Abbreviations: CNV = copy number variant; SNV = single nucleotide variation.

mRNA expressions of m5C-regulatory genes

We then evaluated the effects of m5C-regulatory gene alterations on their mRNA expressions. For the 500 HNSCC samples tested, 2 of the 13 identified m5C-regulatory genes were not detected (NSUN1 and DNMT2). After excluding these two genes, the mRNA expression profiles for 10 of the 11 m5C-regulatory genes were found to be significantly correlated with different CNV patterns (Figure 2A-J). For these 10 regulatory genes, increases in gene copy number were associated with higher mRNA expression levels, whereas gene-copy deletions were associated with decreased levels of mRNA expression. These 10 genes were distributed throughout the m5C-regulation process. NSUN7 was the only regulator gene whose expression level did not correlate with CNVs (Figure 2K), suggesting that CNVs may have a central role in controlling the expression of m5C regulators.

Figure 2.

Figure 2

The effect of m5C-regulatory gene alterations on mRNA expression. A-J. The mRNA expressions of 10 m5C-regulatory genes were significantly correlated with different CNV patterns. K. No significant correlation existed between CNVs and the mRNA expression level of NSUN7. *P < 0.05, **P < 0.01.

Associations between m5C-regulatory gene expression and tumor, node, and metastasis (TNM) staging in HNSCC

Our analyses showed a significant association between TNM staging and the prognoses of patients with HNSCC. We defined TNM stages I/II as low and stages III/IV as high. Patients with low TNM stages demonstrated better survival rates (Figure 3A). Thus, we used cluster analysis to examine the expression of m5C-regulatory genes according to TNM staging; m5C-regulatory genes tended to be highly expressed in high-stage TNM samples (Figure 3B). Next, we analyzed the expression of m5C-regulatory genes in patients according to TNM staging. The results indicated that the expression of ALYREF and NSUN5 positively correlated with specific TNM stages (Figure 4A, 4B), while no significant association between TNM stage and any other m5C-regulator gene was observed (Figure 4C-K). In combination with the aforementioned analyses, there was a significant association between TNM staging and patient prognoses, suggesting that m5C-regulatory gene expression was related to the prognoses of patients with HNSCC.

Figure 3.

Figure 3

Associations between m5C-regulatory gene expression and TNM staging in HNSCC. A. Kaplan-Meier analysis revealed that patients with low TNM stages had better survival rates (P = 0.0032). B. The heat map showed that m5C-regulatory genes tended to have increased expression during later TNM stages.

Figure 4.

Figure 4

Differences in m5C-regulatory gene expression in patients at different TNM stages. (A, B) The expressions of (A) ALYREF and (B) NSUN5 were positively correlated with TNM staging. (C-K) No significant associations were observed between nine m5C-regulator genes and TNM staging.

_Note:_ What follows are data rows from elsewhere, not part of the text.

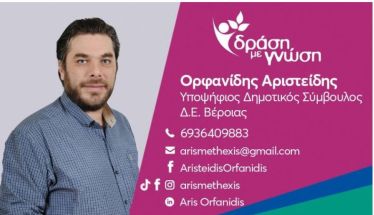 Αριστείδης Ορφανίδης: Με γνώμονα μόνο την πρόοδο του τόπου, μακριά από καιροσκοπικά ιδιοτελή συμφέροντα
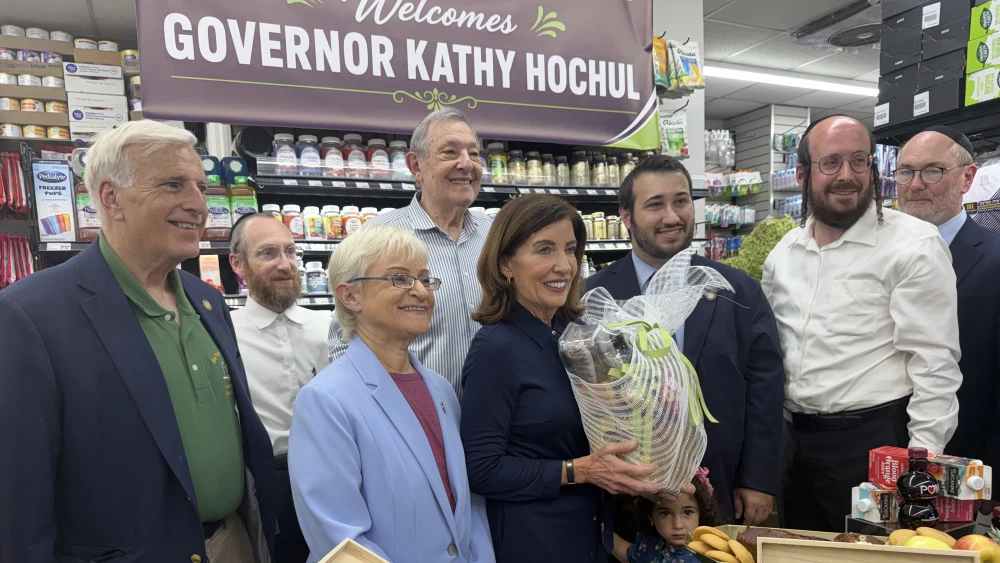 Hochul Queens kosher store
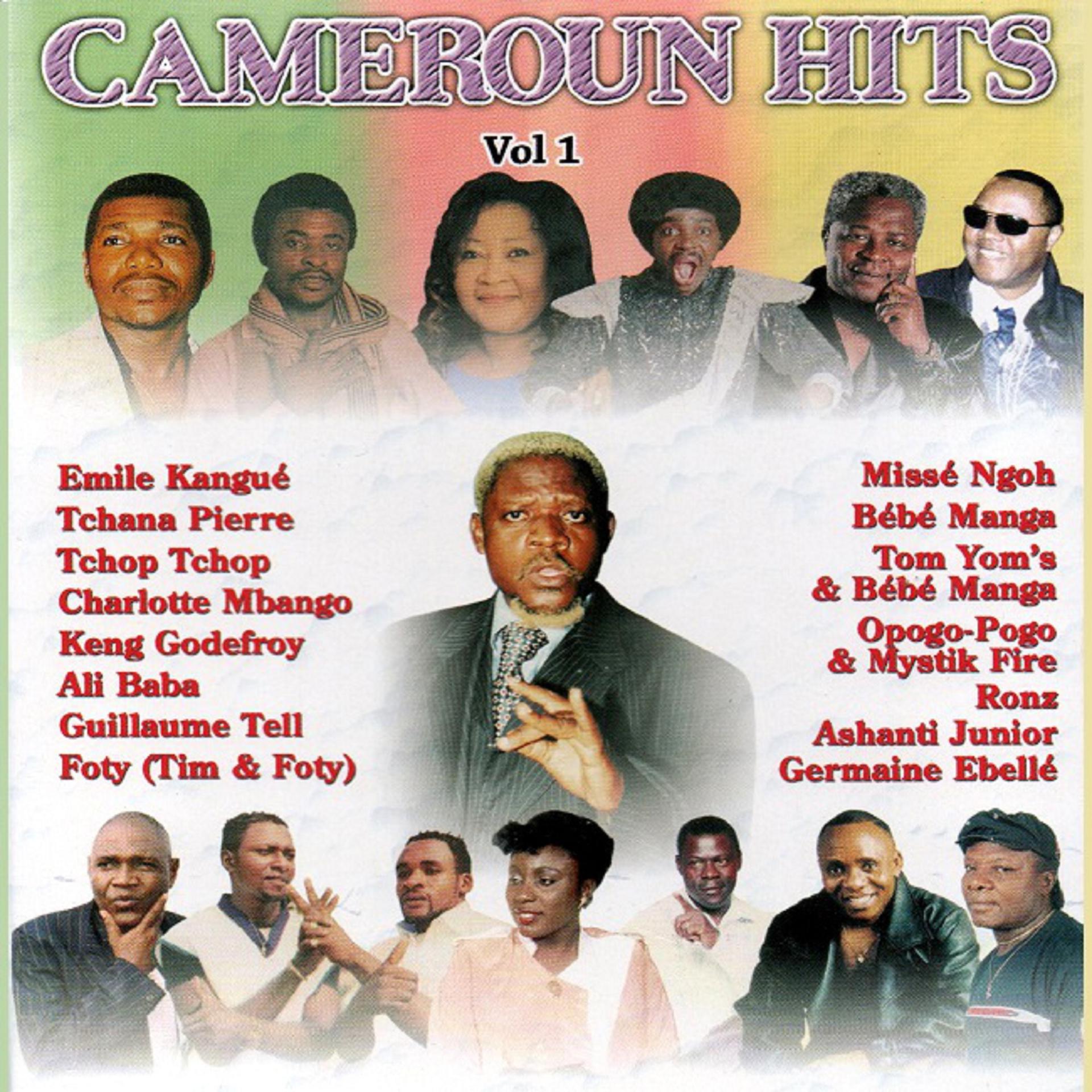 Постер альбома Cameroun Hits, Vol. 1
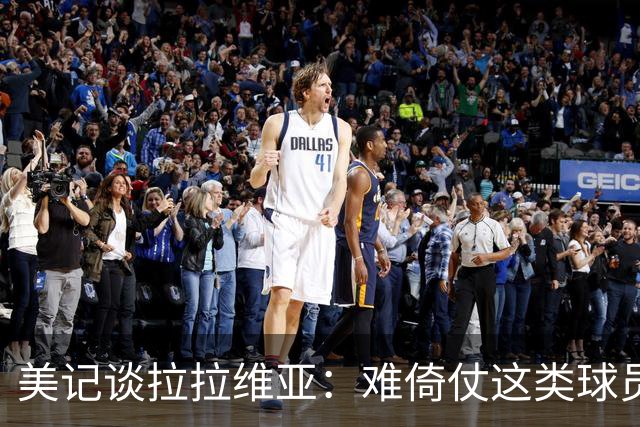 美记谈拉拉维亚：难倚仗这类球员 常规赛可以季后赛高压下就拉胯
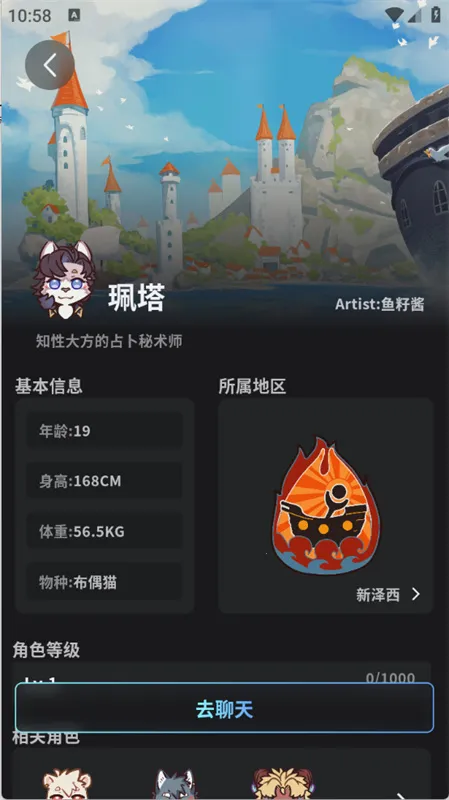 FurryBarð�վƹ�����(furry��������)v2.1.7 ��׿���ͼ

Associations between m5C-regulatory gene expression levels and the survival of patients with HNSCC

To further explore the relationship between different levels of m5C-regulatory gene expression and patient prognoses, we used a univariate Cox regression analysis. The results demonstrated that the expression levels of DNMT1, TET2, and NSUN6 significantly correlated with patient prognoses (Supplementary Table 3). The expression of these three genes also significantly correlated with CNV patterns. When we explored the influence of 11 m5C-regulatory genes on patient prognoses by multivariate Cox regression analysis, we observed that their expression significantly predicted patient risk factors (Figure 5A). For these results, the area under the receiver operating characteristic (ROC) curve for 1- and 3-years post HNSCC was > 0.55, this indicated that m5C-regulatory gene expression may be used as a potential prognostic marker for HNSCC (Figure 5B).

Figure 5.

Figure 5

The relationships between m5C-regulatory gene expression and patient prognoses. A. The expression of m5C-regulatory genes significantly predicted patient mortality risks (P = 0.048). B. The area under the curve (AUC) values at 1- and 3-years were greater than 0.55, indicating a strong predictive value. C. Kaplan-Meier analysis indicated that elevated ALYREF expression was associated with poor survival probability (P < 0.001). D. Kaplan-Meier analysis demonstrated that low DNMT1 expression predicted poor survival probability (P = 0.032). E. A Cox regression analysis indicated that the expressions of DNMT1 and ALYREF effectively predicted the risk of HNSCC patient mortality (P = 0.034). F. The 1- and 3-year AUCs for the DNMT1 and ALYREF m5C-regulatory genes were 0.57. G and H. Gene set enrichment analysis of DNMT1 expression levels. I and J. Gene set enrichment analysis of ALYREF expression levels.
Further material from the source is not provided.